THE Australian dollar has continued its downward trend, falling to a six-year low against the US currency of US75.6c in trading overnight, before recovering a little to US75.96c this morning.
May 2009 was the last time the currency was trading as low as it is this morning.
The primary reason is not so much weakness in the financial market’s assessment of the A$, as strength in the US$, which continues to rise strongly against all major world currencies, as the US economy gets back on its feet.
A softer A$ is a boon to beef exporters, making our product more affordable and competitive in comparison with US equivalent in export markets, including the US itself.
The move lower is going to be a salve for the Australian economy in need of a growth engine, Reserve Bank assistant governor Christopher Kent noted this morning.
The currency depreciation was now starting to play a role in helping the economy adjust, Mr Kent said, although the RBA indicates it still wants to see the A$ move lower, in the lee of the big drop in mining sector momentum.
“Even at current levels, our exchange rate remains relatively high given the state of our overall economy,” he said.
The outlook for the A$ going forward is highly dependent on the US dollar’s continued rally and with that in mind, forecasts of a Euro into the US80s in 2017 implies an Aussie dollar that will be trading well into the 60s against the US$, analysts said this morning.
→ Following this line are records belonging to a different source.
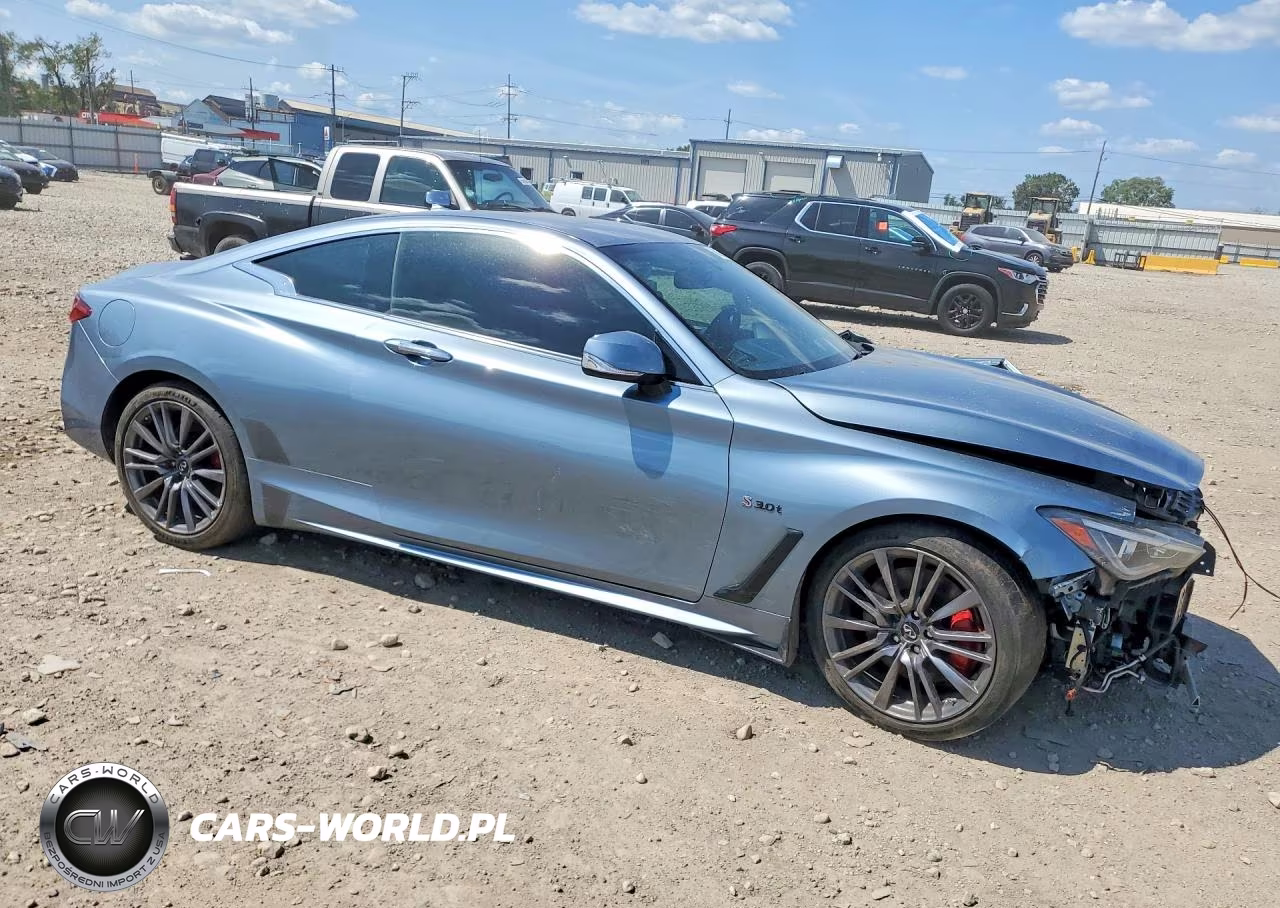 2017 Infiniti Q60 3.0T Red Sport 400 VIN:JN1FV7EKXHM610221 - 4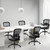 16PK, Desk Chairs with Wheels, Ergonomic Mesh Back PU Leather Seat Home Office Adjustable Lumbar Support and Height Swivel Rolling Computer Task Chair with Flip Up Arms for Conference, Black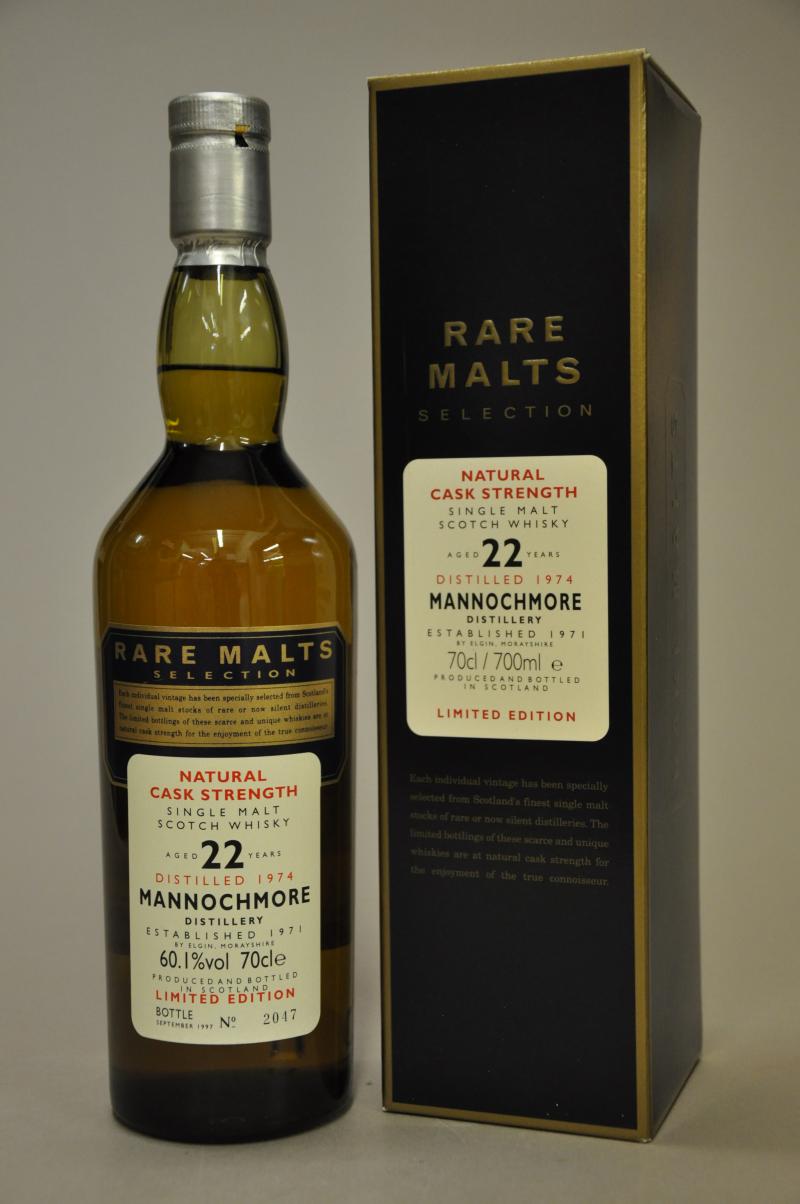 Mannochmore 1974-1997 - 22 Year Old - Rare Malts 60.1%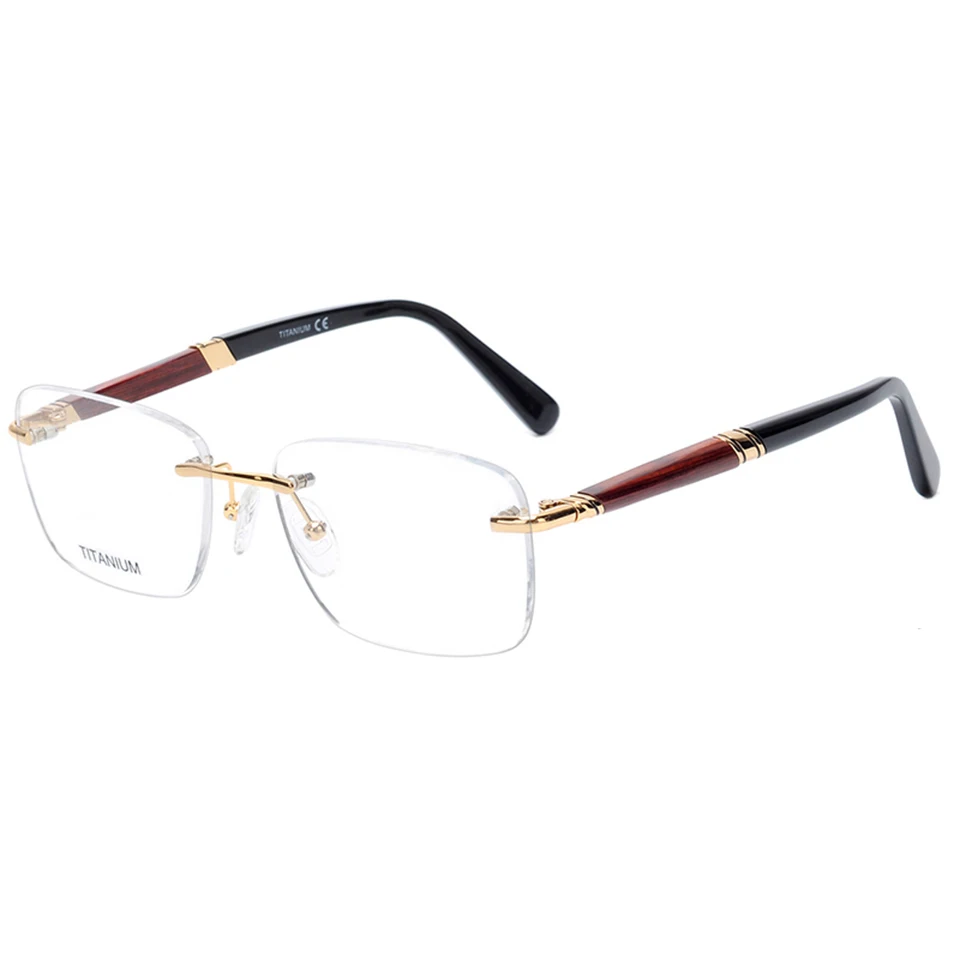 

Rimless titanium glasses frames ready in stock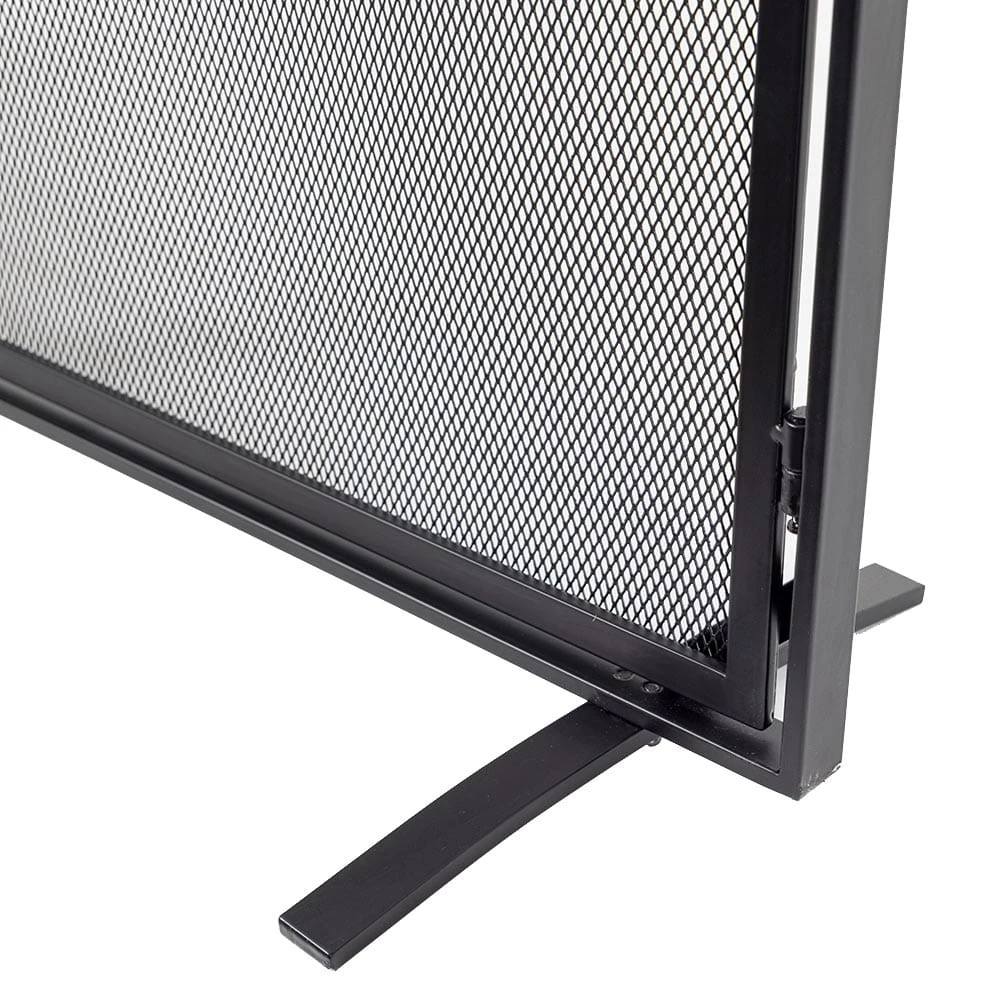 Modern Ember Aalto Fireplace Screen In Black - Image 7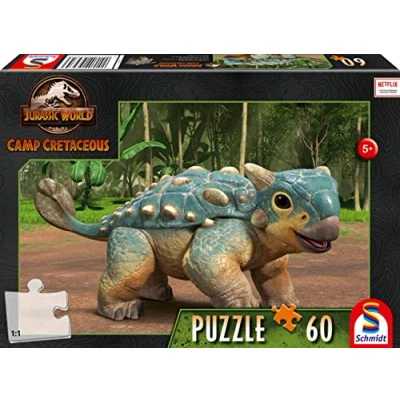 Bild av Schmidt Games 56435 Jurassic World New Adventures, The Ankylosaurus Bumpy, 60 pieces Children&#039;s Puzzle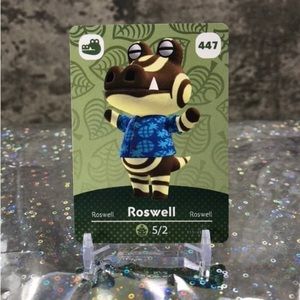 Roswell #447 Animal Crossing Amiibo Card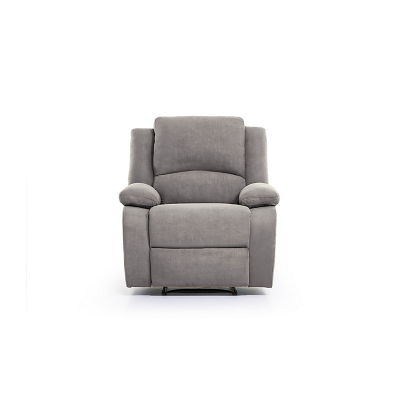 LOUNGITUDE  - Fauteuil de relaxation en microfibre - Gris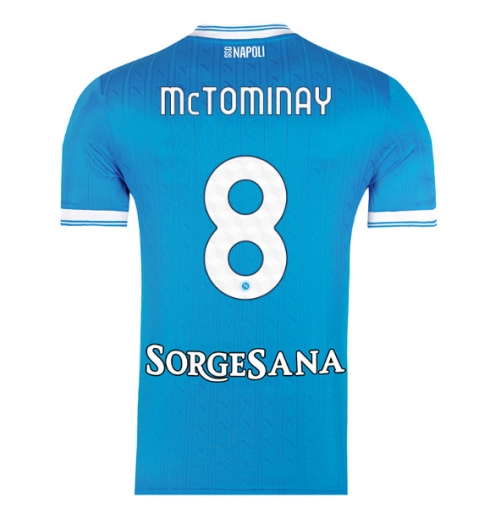 SSC Napoli Scott McTominay #8 Hjemmedrakt 2025-26 Kortermet SSC Napoli Scott McTominay #8 Hjemmedrakt 2025-26 Kortermet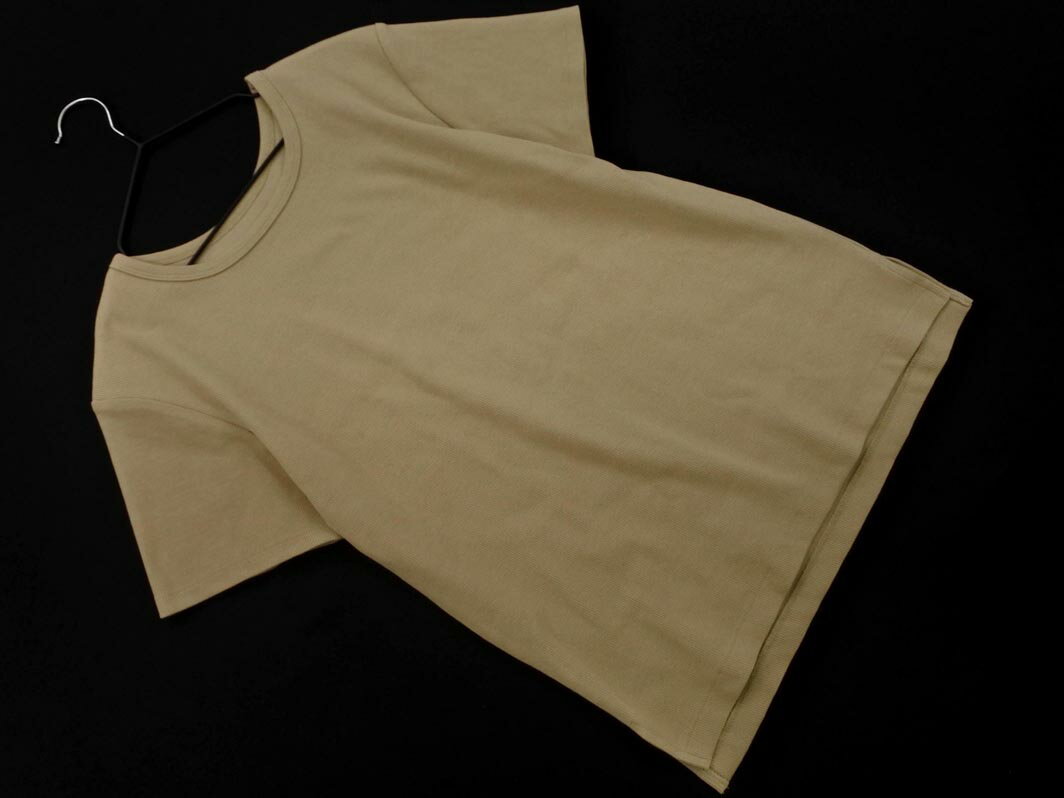ネコポスOK titivate ティティベイト リブ カットソー sizeM/ベージュ ■◆ ☆ ffb1 レディース【USED】【中古】【古着】【ブランド古着買取・販売ABJ】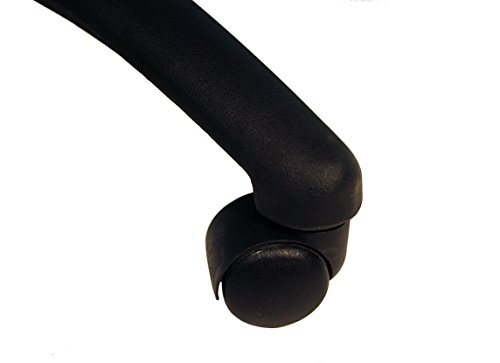 La Silla Española Madrid Silla de Oficina, Piel Sintética, Negro, 66x62x120 cm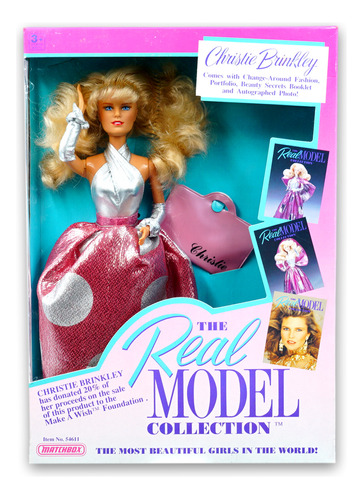 Matchbox The Real Model Collection Christie Brinkley 1989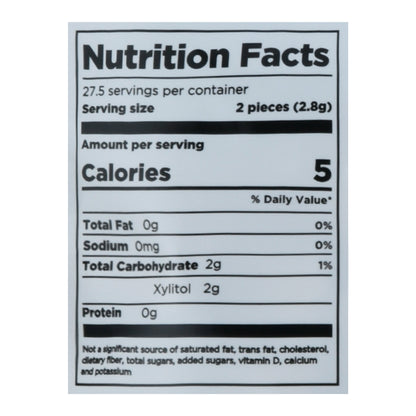 Pur Peppermint Aspartame Free Chewing Gum 55 Pieces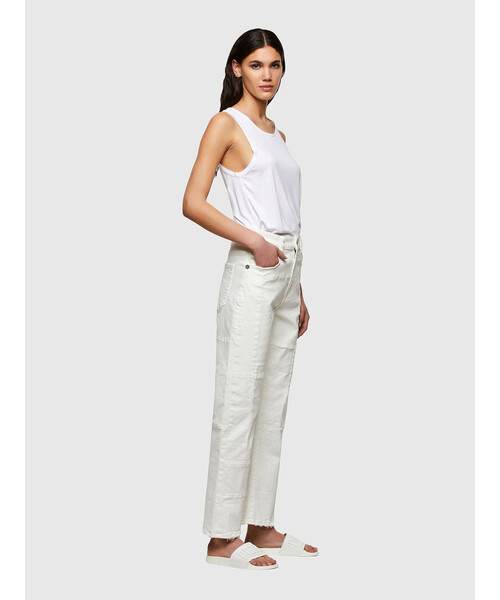 DIESEL（ディーゼル）の「DIESEL SS21 レディース ストレート ホワイト デニム（デニムパンツ・レディース・ホワイト・30inch/28inch/29inch/24inch/25inch/26inch/27inch/23inch）」の3枚目の写真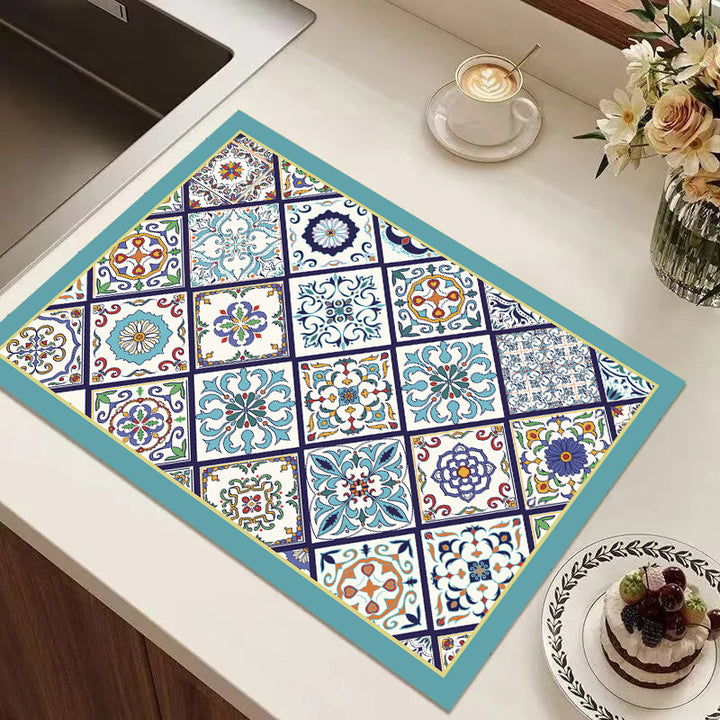 Playful Textured Kitchen Mat Kalsten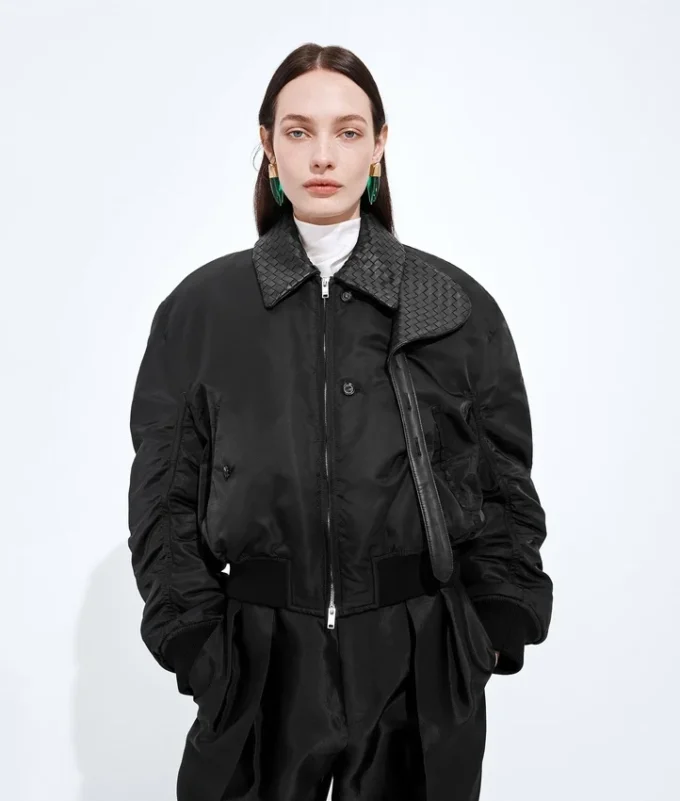 Bomber acolchado de nailon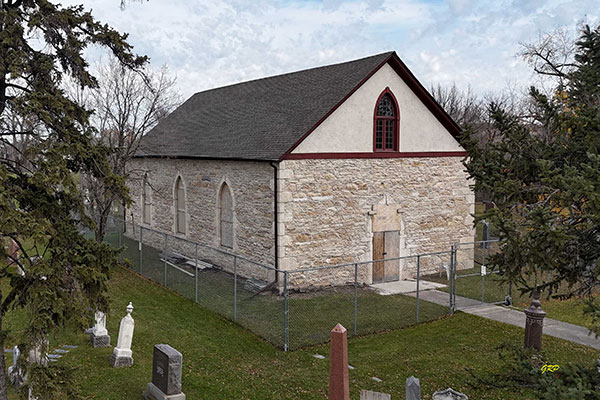 Aerial view of Kildonan Presbyterian Church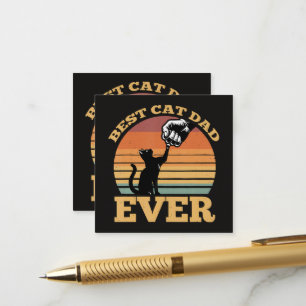 Best Cat Dad Ever Fathers Day Enclosure Card
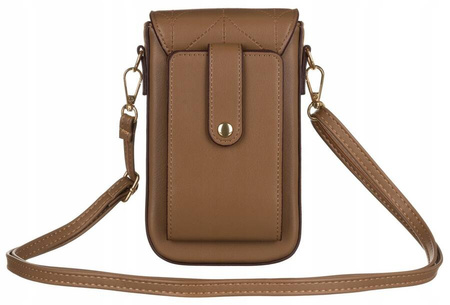 Mini Damen Umhängetasche-Portemonnaie aus Öko-Leder – Peterson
Australia has not seen a currency in the US60s since 2006.
Mr Kent’s comments echoed a Reserve Bank assessment released last week suggesting that the A$ was about 2pc overvalued last month, and could still be considered too strong to achieve “desired domestic economic outcomes.”
The RBA left its benchmark interest rate unchanged at a record-low 2.25pc last week, after cutting in February.
Mr Kent’s speech yesterday focused on how and where Australia’s growth will come from in the longer-term and the need to boost productivity. He noted the benefits of record-low rates in stimulating consumption and housing along with a rising population and nominated Australia’s expanding services industries as the most likely source of economic expansion.
“The Australian economy has good prospects for growth over the longer term,” he said. “We will probably see a continuation of trends such as the growing importance of the services sector in our economy, which is relatively intensive in terms of employment. Resource production and exports are less employment-intensive, but the significant investment in that sector will continue to bear fruit for a long time.”
Traders are pricing in almost two more rate reductions from the RBA over the next 12 months.
Mr Kent said the weakening currency will improve the competitiveness of local industries.
“A lower exchange rate will provide support for demand for the output of the wide range of firms operating in the tradable sector,” he said.